What the task requires
Produce word for word the lines of the data below running from the one that has "NutriSupport Active Dog 12 Gelees" to the one that has "146-1-hlight.jpg", inclusive, and no others.

── Exercise data

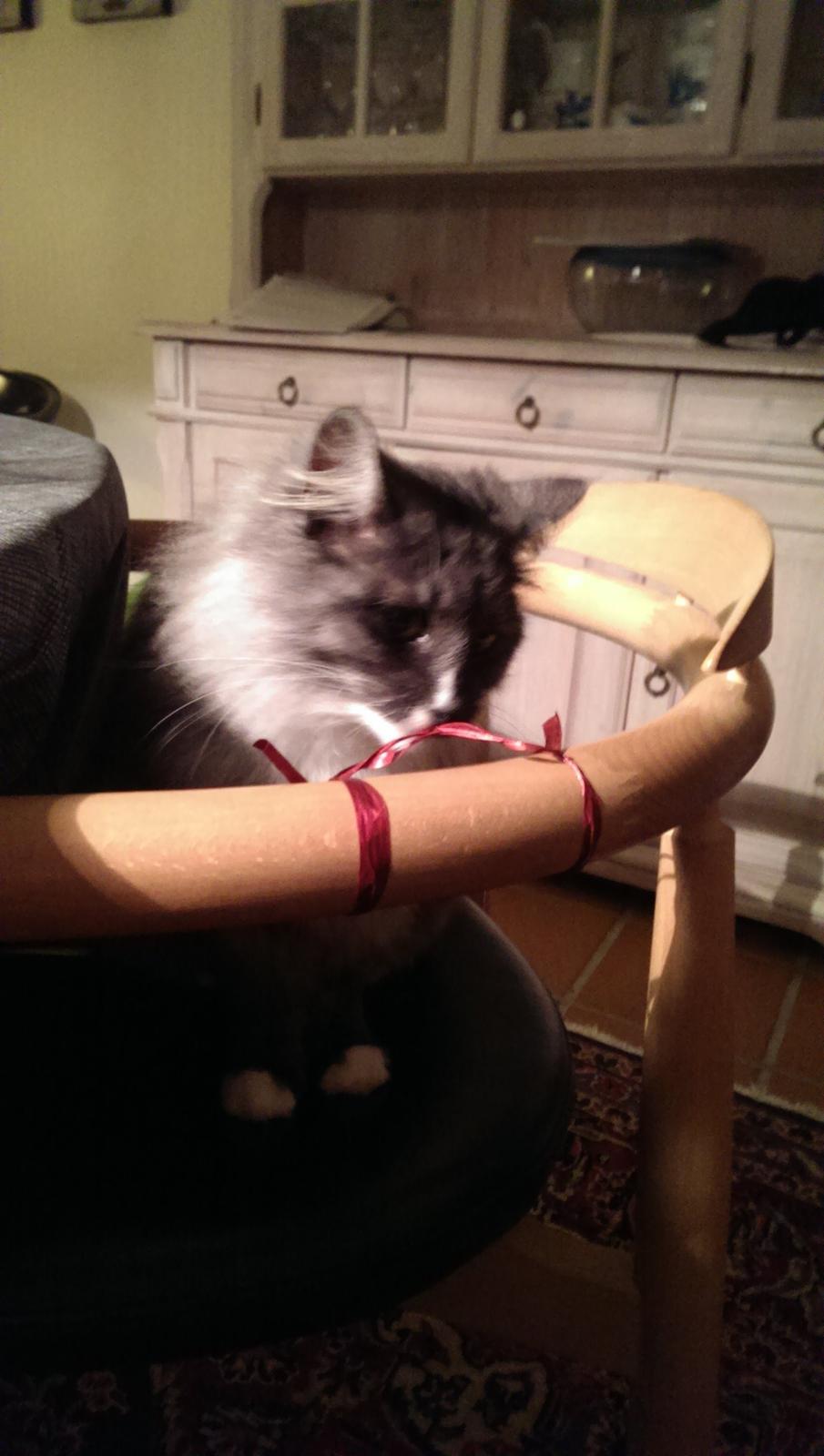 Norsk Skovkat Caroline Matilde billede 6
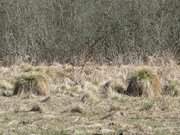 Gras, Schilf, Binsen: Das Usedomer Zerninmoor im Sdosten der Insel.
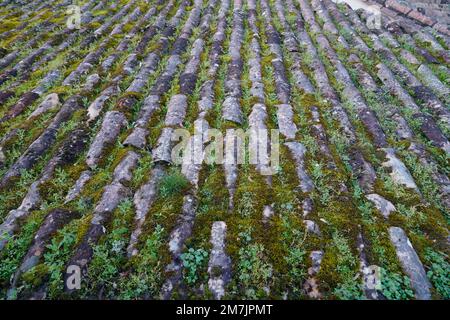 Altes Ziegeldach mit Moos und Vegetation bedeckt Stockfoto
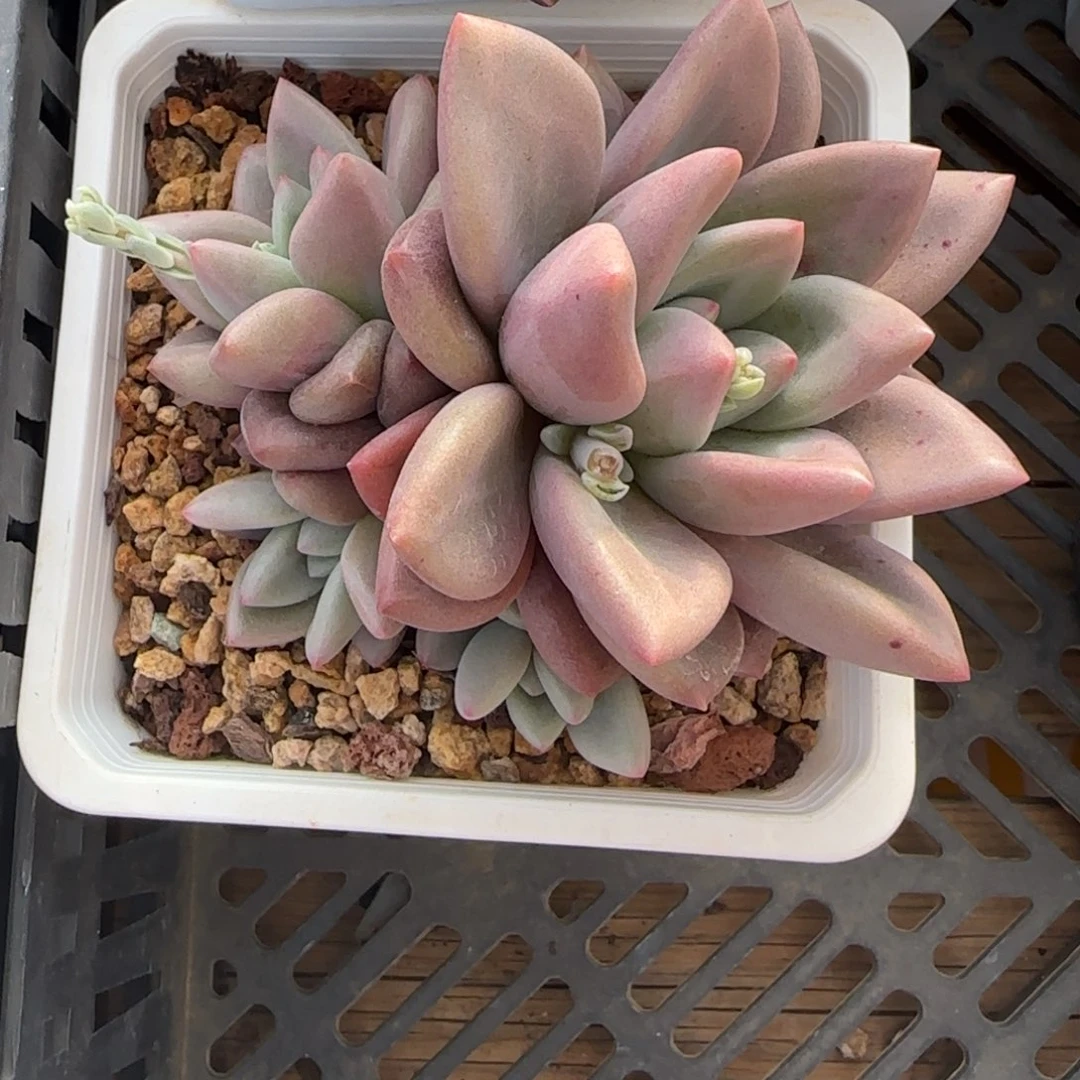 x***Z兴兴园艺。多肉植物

────
── Exercise data

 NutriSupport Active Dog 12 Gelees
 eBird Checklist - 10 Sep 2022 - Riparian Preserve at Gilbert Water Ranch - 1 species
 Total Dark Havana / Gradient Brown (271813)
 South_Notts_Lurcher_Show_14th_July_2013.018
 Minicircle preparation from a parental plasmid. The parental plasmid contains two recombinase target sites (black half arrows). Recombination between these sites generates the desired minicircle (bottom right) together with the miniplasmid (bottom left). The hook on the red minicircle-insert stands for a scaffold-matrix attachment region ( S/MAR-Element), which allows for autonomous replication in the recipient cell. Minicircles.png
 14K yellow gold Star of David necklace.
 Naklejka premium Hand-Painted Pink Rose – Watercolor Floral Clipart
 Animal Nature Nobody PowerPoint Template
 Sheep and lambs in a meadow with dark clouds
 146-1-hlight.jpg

────

Reply to the exercise
 NutriSupport Active Dog 12 Gelees
 eBird Checklist - 10 Sep 2022 - Riparian Preserve at Gilbert Water Ranch - 1 species
 Total Dark Havana / Gradient Brown (271813)
 South_Notts_Lurcher_Show_14th_July_2013.018
 Minicircle preparation from a parental plasmid. The parental plasmid contains two recombinase target sites (black half arrows). Recombination between these sites generates the desired minicircle (bottom right) together with the miniplasmid (bottom left). The hook on the red minicircle-insert stands for a scaffold-matrix attachment region ( S/MAR-Element), which allows for autonomous replication in the recipient cell. Minicircles.png
 14K yellow gold Star of David necklace.
 Naklejka premium Hand-Painted Pink Rose – Watercolor Floral Clipart
 Animal Nature Nobody PowerPoint Template
 Sheep and lambs in a meadow with dark clouds
 146-1-hlight.jpg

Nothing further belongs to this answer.